California has apparently figured out the answer — or at least decided to pretend it has. Under new DMV regulations, law enforcement officers can now issue traffic citations to autonomous vehicles. The policy shift arrives alongside another bombshell: driverless trucks will also be allowed on California roadways.

Let's start with the obvious. The ability to ticket a robot car is, on its face, completely reasonable. AVs operate on public roads, and if they violate traffic laws, there should be an enforcement mechanism. No argument there. The real question is whether this is genuine accountability or just regulatory theater designed to make Sacramento look like it has a handle on technology it barely understands.

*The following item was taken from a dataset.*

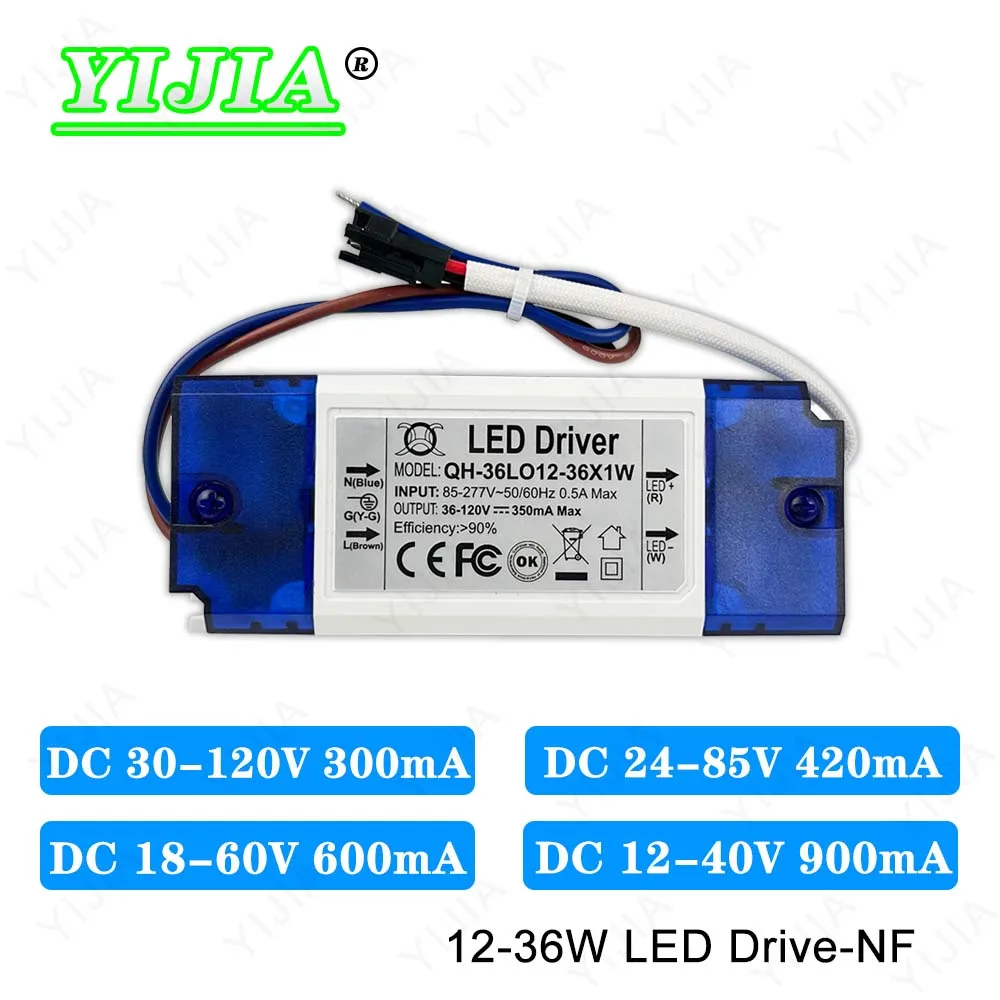 LED Driver DC36-120V 24-85V 18-60V 12-40V 300mA 420mA 600mA 900mA Lighting Transformers For 15W 18W 20W 24W 30W 36W Power Supply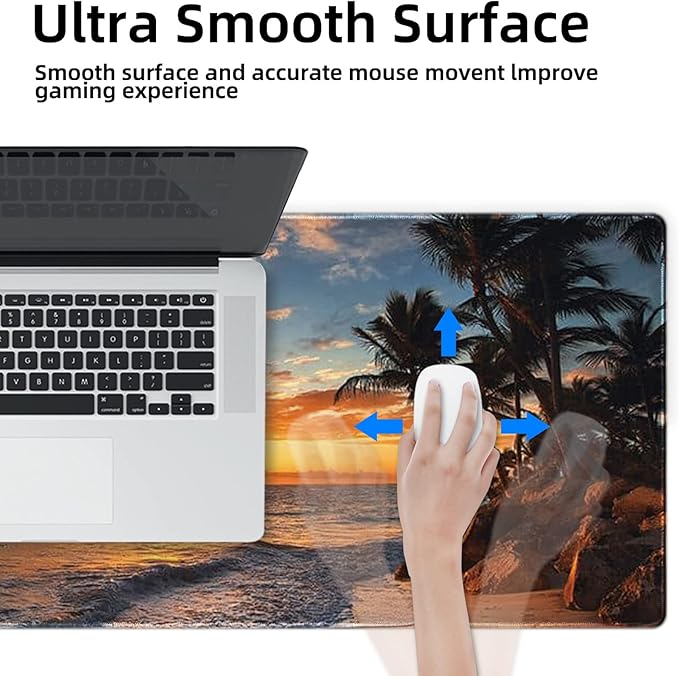 Galdas Gaming Mouse Pad XXL XL Large Mouse Pad Mat Long Extended Mousepad Desk Pad Non-Slip Rubber Mice Pads Stitched Edges Thin Pad (31.5x11.8x0.12 Inch)-Sunset Beach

Because here's the thing — Waymo and its competitors aren't racking up violations the way your average Uber driver blowing through a stop sign on Divisadero is. The safety data on autonomous vehicles is remarkably strong, and San Franciscans know it firsthand. As one local resident put it, "I choose Waymo every time. I think it's a lot safer beyond the driving aspect. I never liked getting in a car with a stranger." Another SF resident was more blunt: "If you lived here you would understand why I prefer Waymo over human drivers."

So we're in a strange spot. The government is creating enforcement infrastructure for vehicles that, statistically, are among the safest on the road — while human drivers continue to terrorize pedestrians on Market Street with impunity.

The driverless truck provision is where things get genuinely interesting, and potentially transformative. If autonomous trucking scales in California, we're talking about massive implications for the supply chain, labor markets, and highway safety. That deserves its own serious policy conversation, not a footnote buried under a headline about robot speeding tickets.

Our take? Accountability for AV companies is fine. But let's not confuse ticketing algorithms with solving actual road safety problems. If Sacramento spent half as much energy enforcing traffic laws against human drivers as it does regulating the robots, our streets would be a lot safer.